Data Analysis of PDE (Pennsylvania Department of Education) Datasets (2013 - 2022)
Jennifer Kaiser 2023
http://www.jenniferkaiser.tech
https://www.linkedin.com/in/jenniferkaiser-tech
http://www.github.com/jenniferkaiser21
Exploration of Pennsylvania Department of Education Data
https://www.education.pa.gov/DataAndReporting/Pages/default.aspx
- Python
- pandas
- matplotlib
- numpy
- Jupyter Notebook
This project uses data from the Pennsylvania Department of Education to answer some basic questions regarding educators in the commonwealth of PA. After importing the data using read_excel() and initializing the dataframes [cells 2- 3], I examined the contents of the df_13_14 and df_21_22 dataframes using head() [cells 4-7]. I noticed that some of the column titles were different, so I did some analysis to find the intersection of columns [cell 8], and the overall counts of common columns in each dataframe [cell 9]. I found that the "Active/Leave/Other" column data in the df_13_14 was the same as the "Status" column in df_21_22 [cells 10-11]. To ensure the values would be the same in each column, I identified the unique() values in "Active/Leave/Other" column data in the df_13_14 [cell 12], obtained .value_counts() for each [cell 13], and did the same for the "Status" column data in the df_21_22 [cell 14], and the .value_counts() [cell 15].

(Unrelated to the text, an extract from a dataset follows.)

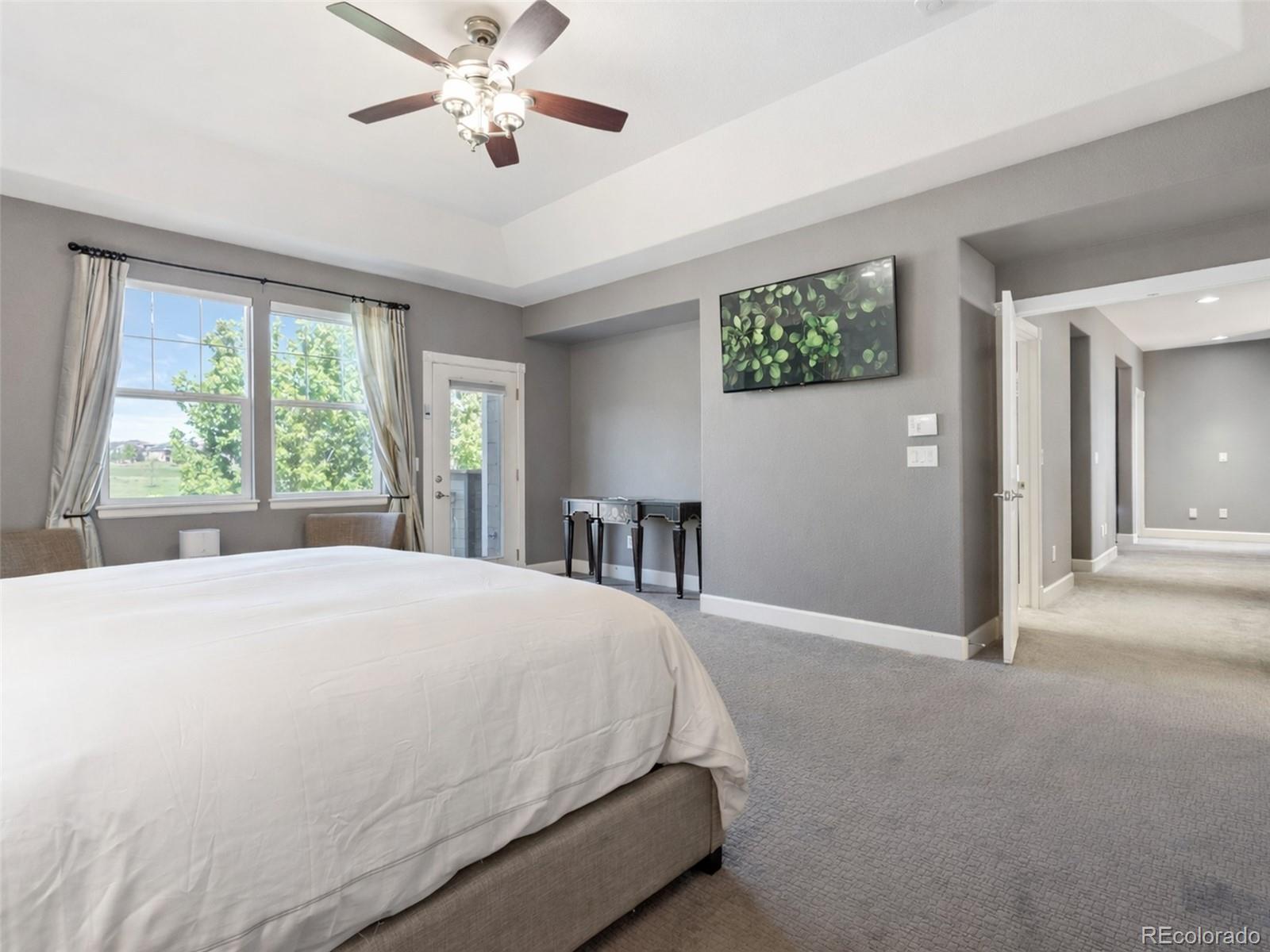 7963 S Valleyhead Way Aurora CO 80016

This led me to the question, what's the difference in frequency between 13/14 data and 21/22 data and the years in education? To explore this further, I first identified the .value_counts() of records in the "YearsInEd" column of df_13_14, sorting by the index (number of years in education) [cell 16], and again for the df_21_22, noting that the column is titled "YearsInED" with a capital "D" [cell 17].
I decided to plot the results using matplotlib. I wanted to compare the bar graphs side by side to see the overall trend of Number of Years in Education vs Number of Educators between 2013-2014 data and 2021-2022 data [cell 18].
The overall trend is clear, after about 5-8 years in Education, the retention of teachers drops off significantly in more recent years (2021-2022) than it does in earlier years (2013-2014). This shows the correlation between attrition and the National Teacher shortage that every state, including the Commonwealth of Pennsylvania is experiencing as of late.
I then plotted data from both dataframes together in a side-by-side bar graph to show the drastic difference between the two school years (2013-2014 vs 2021-2022) [cell 19].
I would love to dive deeper and find more trends in regards to attrition, particularly focusing on gender, average salary upon attrition, and attempting to determine other factors contributing to attrition. I would also use other datasets besides the 2013-2014 and 2021-2022 school years. Unfortunately, my computer was limited in capacity to load all the data sets at once, which is why certain years are commented out (but can easily be uncommented and rerun to include in analysis).